(Short text fragments from websites)

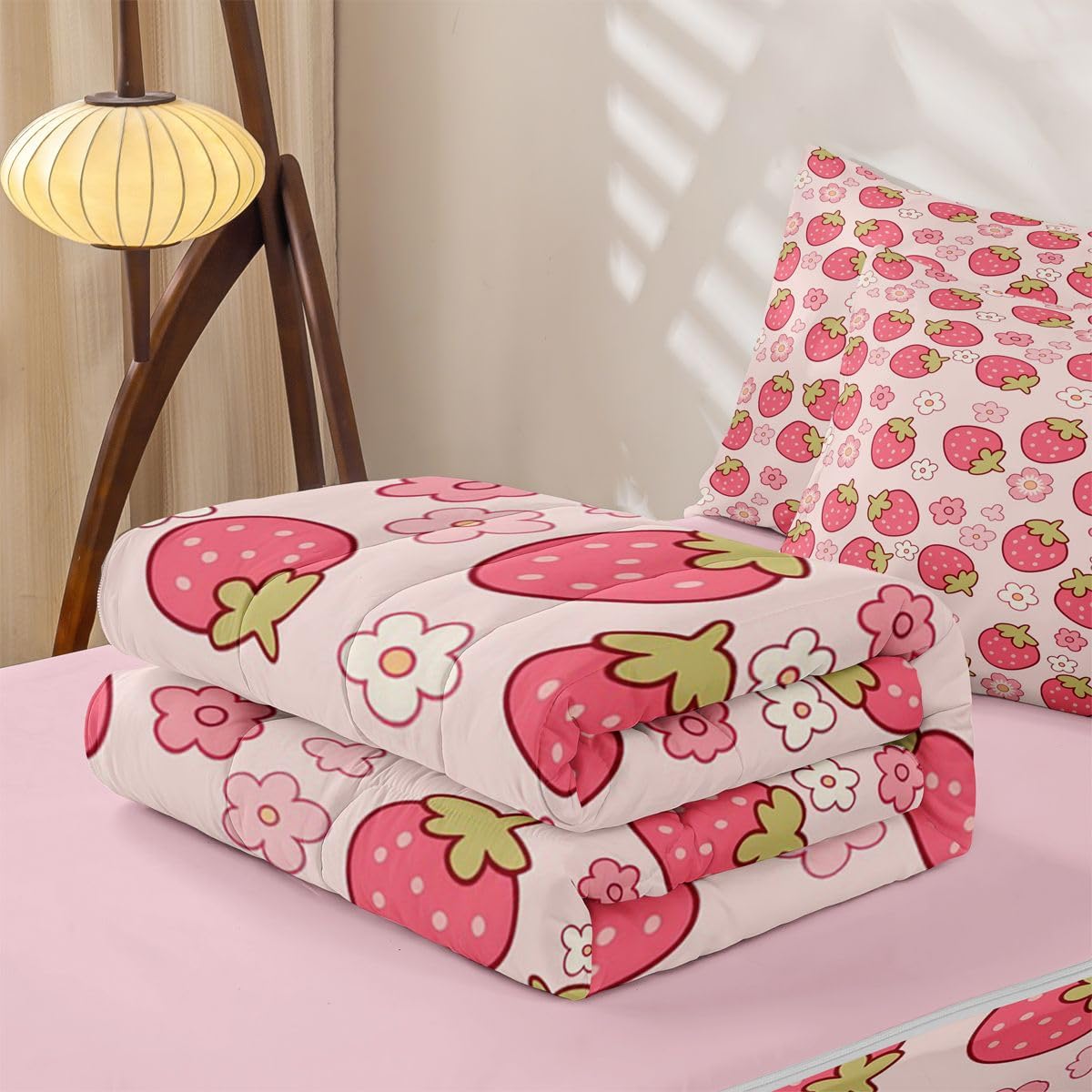 Erosebridal Kawaii Strawberry Zippered Comforter Set Girly Floral Zipper Bedding Set Twin Size Japanese Style Bed in a Bag Cute Cartoon Fruit Food Comforter with Sheets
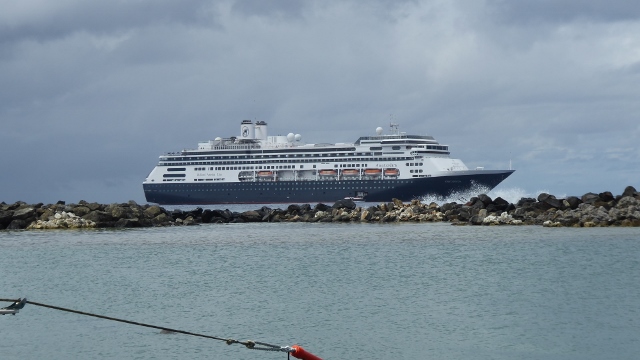 The MS Amterdam anchored outside the breakwater in Rarotonga.
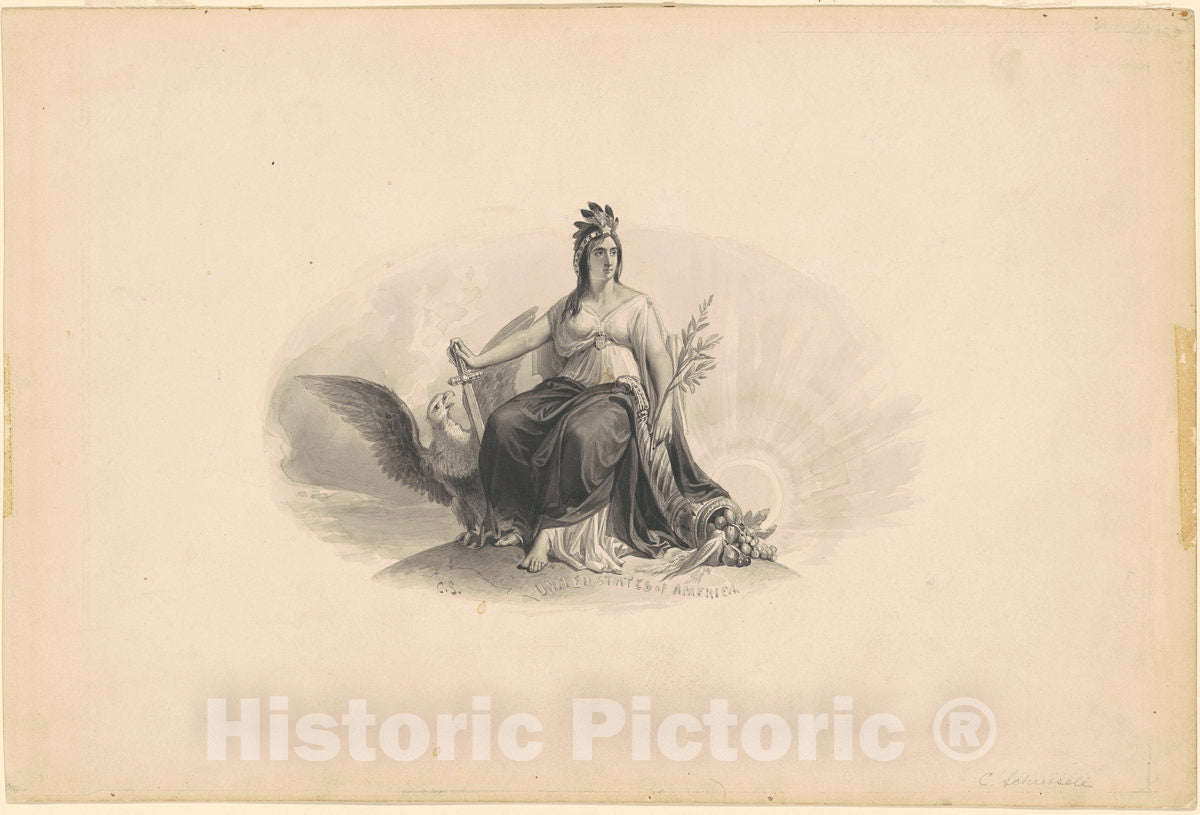 Art Print : Christian Schussele, Design for an Emblem of The United States of America, c. 1860 - Vintage Wall Art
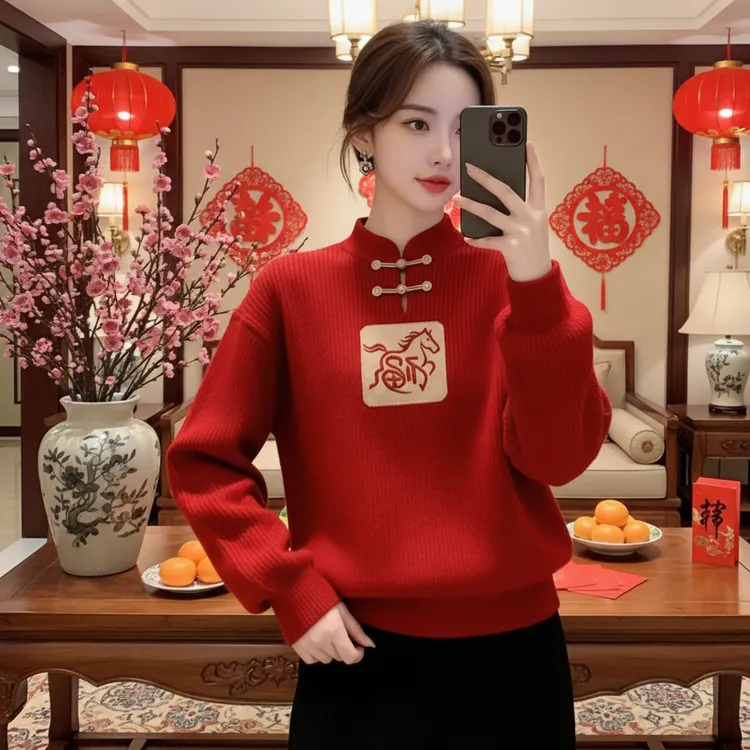 新中式立领中国风毛衣女秋冬新款新年红色宽松小众百搭针织上衣女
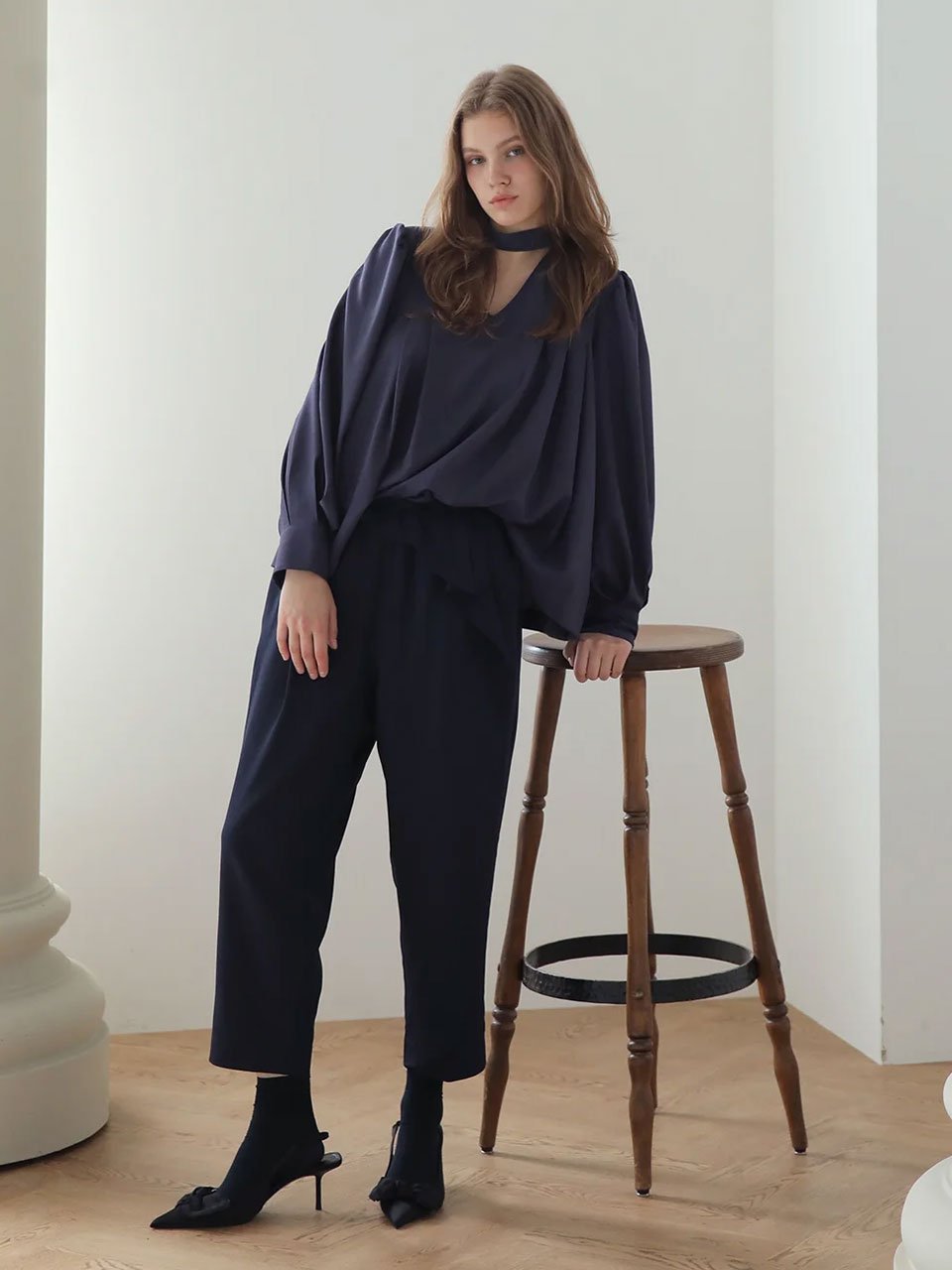 Ruffle banding elastic pants pants navy - fasfas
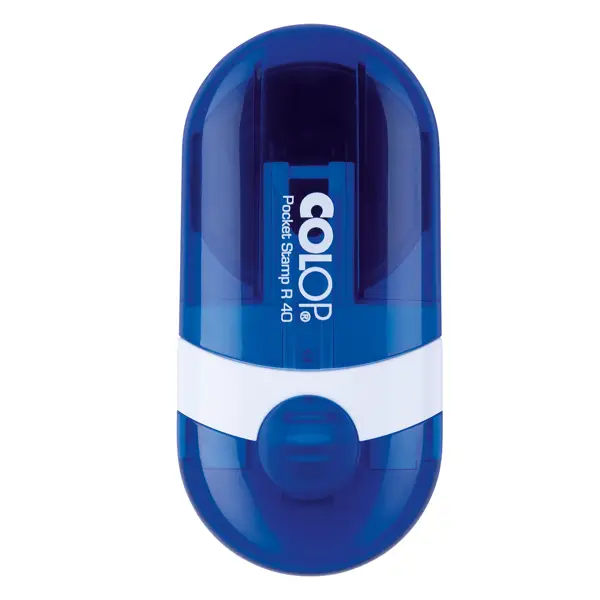 1x Timbro Pocket Stamp R40 diametro 40mm 5righe autoinchiostrante blu COLOP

◆ **What to work on**
Restate word for word the lines from the line with "The MS Amterdam" to the last line of the records above, inclusive, and omit every picture.

◆ **Written response**
 The MS Amterdam anchored outside the breakwater in Rarotonga.
 Art Print : Christian Schussele, Design for an Emblem of The United States of America, c. 1860 - Vintage Wall Art
 新中式立领中国风毛衣女秋冬新款新年红色宽松小众百搭针织上衣女
 Ruffle banding elastic pants pants navy - fasfas
 1x Timbro Pocket Stamp R40 diametro 40mm 5righe autoinchiostrante blu COLOP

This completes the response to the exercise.